Esos dos tipos de orden constituido son el modelo básico de
los partidos del orden italiano. Los liberales y los nacionalistas dicen (o
decían), respectivamente, querer que en Italia se creara algo parecido al
Estado inglés o al Estado germánico. La polémica contra el socialismo se teje
toda con la trama de la aspiración a ese Estado ético que en Italia es sólo
potencial. Pero en Italia ha faltado completamente, aquel periodo de desarrollo
que ha posibilitado la Alemania y la Inglaterra actuales. Por tanto, si
conducís hasta las últimas consecuencias los razonamientos de los liberales y
de los nacionalistas italianos, obtendréis como resultado actual esta fórmula: el
sacrificio del proletariado, Sacrificio de sus necesidades, sacrificio de su personalidad,
sacrificio de su combatividad para dar tiempo al tiempo, para permitir que se
multiplique la riqueza, para permitir que se depure la administración, [tres líneas tachadas por la censura].

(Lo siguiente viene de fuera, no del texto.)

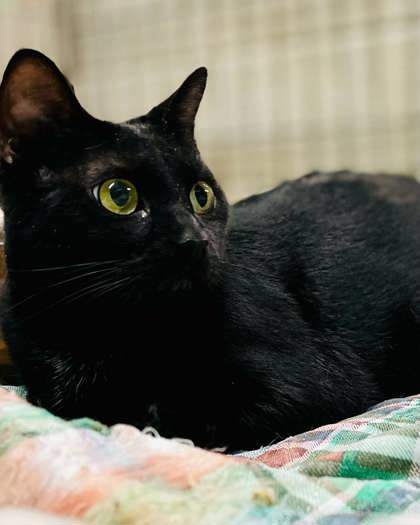Betty(Foster Needed)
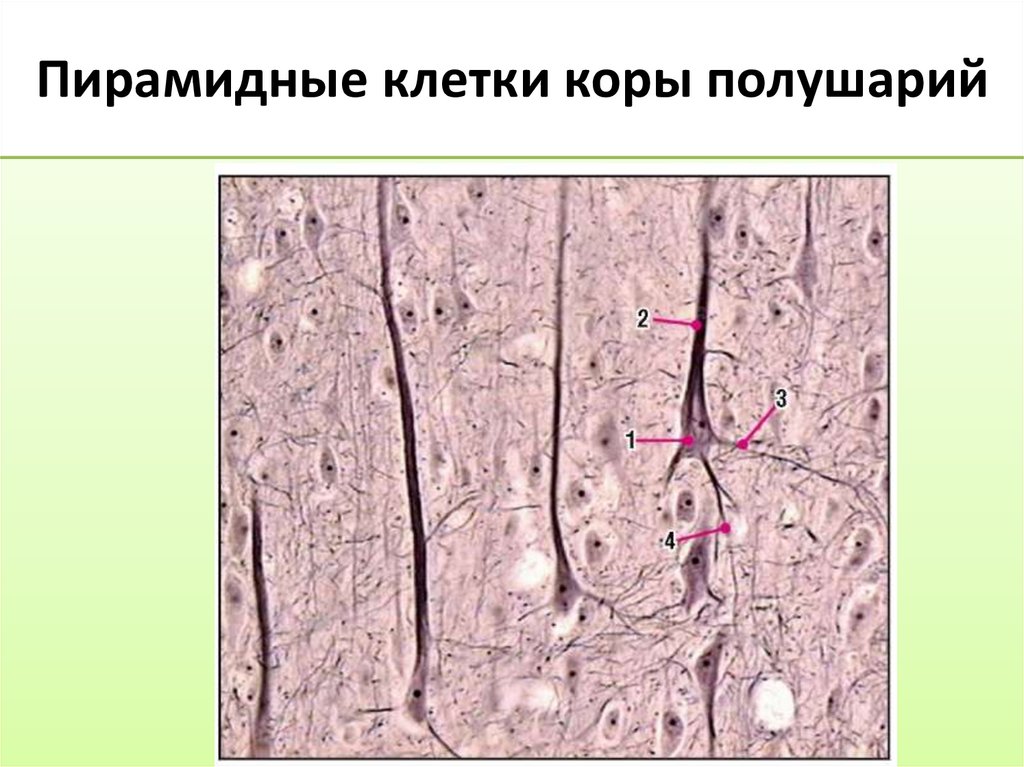 Пирамидные клетки коры полушарий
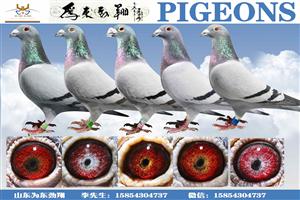 ĿǣرȻߣ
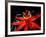 Red Passioflora, Barro Colorado Island, Panama-Christian Ziegler-Framed Photographic Print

Los nacionalistas y los liberales no llegan a sostener que exista en Italia
orden alguno. Lo que sostienen es que ese orden tendrá que existir, siempre que
los socialistas no obstaculicen su fatal instauración.
Esa situación de hecho de las cosas italianas es para
nosotros fuente de mayor energía y de mayor combatividad. Si se piensa en lo
difícil que es convencer a un hombre para que se mueva cuando no tiene razones
inmediatas para hacerlo, se comprende que es mucho más difícil convencer a una
muchedumbre en los Estados en los que no existe, como existe en Italia, la
voluntad por parte del Gobierno de sofocar sus aspiraciones, de gravar con
todas las tallas y diezmos imaginables su paciencia y su productividad. En los
países en que no se producen conflictos en la calle, en los que no se ve
pisotear las leyes fundamentales del Estado ni se ve cómo domina la
arbitrariedad, la lucha de clases pierde algo de su aspereza, el espíritu
revolucionario pierde impulso y se afloja. La llamada ley del mínimo esfuerzo,
que es la ley de los cobardes y significa a menudo no hacer nada, se hace
popular. En esos países la revolución es menos probable. Donde existe un orden,
es más difícil decidirse a sustituirlo por un orden nuevo.
[Una línea tachada por la censura.]
Los socialistas no tienen que sustituir un orden por otro.
Tienen que instaurar el orden en sí. La máxima jurídica que quieren realizar
es: posibilidad de realización íntegra de la personalidad humana,
reconocida a todos los ciudadanos. Todos los privilegios constituidos se
derrumban al concretarse esa máxima. Ella lleva la libertad al máximo con el
mínimo de constricción. Impone que la regla de la vida y de las atribuciones
sea la capacidad y la productividad, al margen de todo esquema tradicional. Que
la riqueza no sea instrumento de esclavitud, sino que, al serlo de todos
impersonalmente, dé a todos los medios para conseguir todo el bienestar
posible. Que la escuela eduque a los inteligentes, cualesquiera que sean sus
padres, y no represente el premio [cuatro
líneas tachadas por la censura]. De esta máxima se desprenden orgánicamente
todos los demás principios del programa máximo socialista. El cual,
repitámoslo, no es utopía. Es universal concreto, puede ser realizado por la
voluntad. Es principio de orden, del orden socialista. Del orden que creemos
que se realizará en Italia antes que en cualquier otro país.